Regularization around a generic codimension one fold-fold singularity

TL;DR

This paper analyzes the fold-fold singularity in Filippov systems, exploring its bifurcations, regularizations, and the emergence of periodic orbits using geometric singular perturbation theory.

Contribution

It provides a comprehensive bifurcation analysis of the fold-fold singularity, including unfoldings and regularizations, and links regularized systems to known slow-fast systems.

Findings

Bifurcation diagrams of the fold-fold singularity are characterized.

Regularization reveals new periodic orbits not present in the Filippov system.

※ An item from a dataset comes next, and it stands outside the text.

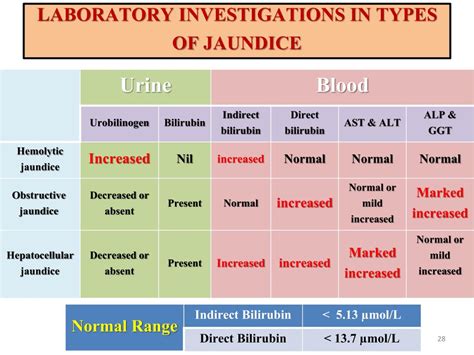 Ppt Liver Function Tests Lfts Powerpoint Presentation Free Download Id2874310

The regularized system is equivalent to a known slow-fast system by Krupa and Szmolyan.

Abstract

This paper is devoted to study the generic fold-fold singularity of Filippov systems on the plane, its unfoldings and its Sotomayor-Teixeira regularization. We work with general Filippov systems and provide the bifurcation diagrams of the fold-fold singularity and their unfoldings, proving that, under some generic conditions, is a codimension one embedded submanifold of the set of all Filippov systems. The regularization of this singularity is studied and its bifurcation diagram is shown. In the visible-invisible case, the use of geometric singular perturbation theory has been useful to give the complete diagram of the unfolding, specially the appearance and disappearance of periodic orbits that are not present in the Filippov vector field. In the case of a linear regularization, we prove that the regularized system is equivalent to a general slow-fast system studied by Krupa and Szmolyan [KrupaS01].